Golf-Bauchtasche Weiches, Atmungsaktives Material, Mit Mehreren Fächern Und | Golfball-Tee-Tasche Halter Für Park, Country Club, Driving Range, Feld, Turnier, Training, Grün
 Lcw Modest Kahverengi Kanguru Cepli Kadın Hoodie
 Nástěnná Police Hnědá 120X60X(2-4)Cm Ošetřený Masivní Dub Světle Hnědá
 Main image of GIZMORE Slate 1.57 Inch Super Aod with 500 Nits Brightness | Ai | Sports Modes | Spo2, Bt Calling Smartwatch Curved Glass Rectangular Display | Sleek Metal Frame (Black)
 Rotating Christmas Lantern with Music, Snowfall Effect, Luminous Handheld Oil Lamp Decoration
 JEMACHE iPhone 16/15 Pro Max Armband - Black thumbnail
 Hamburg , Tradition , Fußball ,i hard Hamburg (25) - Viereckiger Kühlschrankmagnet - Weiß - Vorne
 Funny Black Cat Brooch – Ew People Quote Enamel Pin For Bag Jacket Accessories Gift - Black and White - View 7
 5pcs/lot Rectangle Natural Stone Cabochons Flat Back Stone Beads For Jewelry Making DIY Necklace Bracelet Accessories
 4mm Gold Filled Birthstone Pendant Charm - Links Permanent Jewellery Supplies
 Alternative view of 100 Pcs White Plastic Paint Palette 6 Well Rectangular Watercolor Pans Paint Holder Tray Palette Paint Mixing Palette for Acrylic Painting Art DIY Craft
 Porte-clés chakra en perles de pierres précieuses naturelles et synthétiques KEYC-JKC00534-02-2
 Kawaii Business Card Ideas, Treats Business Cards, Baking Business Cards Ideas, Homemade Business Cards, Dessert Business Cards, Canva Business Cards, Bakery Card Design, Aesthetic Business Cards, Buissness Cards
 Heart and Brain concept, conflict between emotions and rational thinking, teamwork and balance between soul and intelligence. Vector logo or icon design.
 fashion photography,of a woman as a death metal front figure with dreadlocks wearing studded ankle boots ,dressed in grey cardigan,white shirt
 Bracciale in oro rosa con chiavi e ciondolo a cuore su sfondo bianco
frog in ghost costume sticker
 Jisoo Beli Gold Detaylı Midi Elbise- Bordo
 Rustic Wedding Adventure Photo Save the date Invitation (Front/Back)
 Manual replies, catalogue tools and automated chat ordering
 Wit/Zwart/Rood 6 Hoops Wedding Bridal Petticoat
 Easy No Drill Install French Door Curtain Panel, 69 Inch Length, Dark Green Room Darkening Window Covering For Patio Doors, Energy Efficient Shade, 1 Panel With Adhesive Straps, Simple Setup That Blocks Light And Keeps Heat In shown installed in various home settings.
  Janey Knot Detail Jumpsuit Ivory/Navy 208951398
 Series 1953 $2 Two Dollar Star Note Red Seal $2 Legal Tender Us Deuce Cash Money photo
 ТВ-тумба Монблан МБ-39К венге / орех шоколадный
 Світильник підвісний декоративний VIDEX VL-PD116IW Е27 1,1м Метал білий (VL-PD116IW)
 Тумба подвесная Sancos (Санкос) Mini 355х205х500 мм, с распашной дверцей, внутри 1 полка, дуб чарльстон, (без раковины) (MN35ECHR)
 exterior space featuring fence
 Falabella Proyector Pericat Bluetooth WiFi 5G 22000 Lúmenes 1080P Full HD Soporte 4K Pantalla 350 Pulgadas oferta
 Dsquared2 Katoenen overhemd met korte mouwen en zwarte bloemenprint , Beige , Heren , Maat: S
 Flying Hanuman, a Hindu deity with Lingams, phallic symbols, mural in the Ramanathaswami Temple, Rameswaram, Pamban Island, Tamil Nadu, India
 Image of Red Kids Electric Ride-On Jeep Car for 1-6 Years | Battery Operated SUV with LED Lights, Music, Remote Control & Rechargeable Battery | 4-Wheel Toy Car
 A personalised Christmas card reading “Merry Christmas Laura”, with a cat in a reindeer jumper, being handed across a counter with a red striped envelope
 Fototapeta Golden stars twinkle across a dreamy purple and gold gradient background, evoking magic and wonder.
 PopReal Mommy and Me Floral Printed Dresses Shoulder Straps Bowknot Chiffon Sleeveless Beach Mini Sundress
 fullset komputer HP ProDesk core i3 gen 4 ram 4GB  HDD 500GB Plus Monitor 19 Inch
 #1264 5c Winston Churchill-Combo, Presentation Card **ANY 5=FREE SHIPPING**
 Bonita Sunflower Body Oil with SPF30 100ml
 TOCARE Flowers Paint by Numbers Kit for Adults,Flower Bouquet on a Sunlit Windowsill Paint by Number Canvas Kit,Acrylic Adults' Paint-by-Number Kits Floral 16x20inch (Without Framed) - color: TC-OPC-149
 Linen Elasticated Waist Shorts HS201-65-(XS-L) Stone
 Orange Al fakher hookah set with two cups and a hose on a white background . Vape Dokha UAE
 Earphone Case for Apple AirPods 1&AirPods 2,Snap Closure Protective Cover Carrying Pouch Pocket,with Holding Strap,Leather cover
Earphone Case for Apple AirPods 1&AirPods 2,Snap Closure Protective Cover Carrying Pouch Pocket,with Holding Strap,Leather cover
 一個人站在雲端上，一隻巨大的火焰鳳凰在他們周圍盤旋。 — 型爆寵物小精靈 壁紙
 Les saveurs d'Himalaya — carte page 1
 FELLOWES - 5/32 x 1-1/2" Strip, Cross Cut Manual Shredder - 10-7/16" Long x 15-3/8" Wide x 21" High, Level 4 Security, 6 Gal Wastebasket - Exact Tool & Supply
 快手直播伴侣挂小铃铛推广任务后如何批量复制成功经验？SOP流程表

== Action item ==
Print only what lies in the material above starting at the line with "5pcs/lot Rectangle Natural" and ending at the line with "Easy No Drill", every line exactly as given.

== Your response ==
 5pcs/lot Rectangle Natural Stone Cabochons Flat Back Stone Beads For Jewelry Making DIY Necklace Bracelet Accessories
 4mm Gold Filled Birthstone Pendant Charm - Links Permanent Jewellery Supplies
 Alternative view of 100 Pcs White Plastic Paint Palette 6 Well Rectangular Watercolor Pans Paint Holder Tray Palette Paint Mixing Palette for Acrylic Painting Art DIY Craft
 Porte-clés chakra en perles de pierres précieuses naturelles et synthétiques KEYC-JKC00534-02-2
 Kawaii Business Card Ideas, Treats Business Cards, Baking Business Cards Ideas, Homemade Business Cards, Dessert Business Cards, Canva Business Cards, Bakery Card Design, Aesthetic Business Cards, Buissness Cards
 Heart and Brain concept, conflict between emotions and rational thinking, teamwork and balance between soul and intelligence. Vector logo or icon design.
 fashion photography,of a woman as a death metal front figure with dreadlocks wearing studded ankle boots ,dressed in grey cardigan,white shirt
 Bracciale in oro rosa con chiavi e ciondolo a cuore su sfondo bianco
frog in ghost costume sticker
 Jisoo Beli Gold Detaylı Midi Elbise- Bordo
 Rustic Wedding Adventure Photo Save the date Invitation (Front/Back)
 Manual replies, catalogue tools and automated chat ordering
 Wit/Zwart/Rood 6 Hoops Wedding Bridal Petticoat
 Easy No Drill Install French Door Curtain Panel, 69 Inch Length, Dark Green Room Darkening Window Covering For Patio Doors, Energy Efficient Shade, 1 Panel With Adhesive Straps, Simple Setup That Blocks Light And Keeps Heat In shown installed in various home settings.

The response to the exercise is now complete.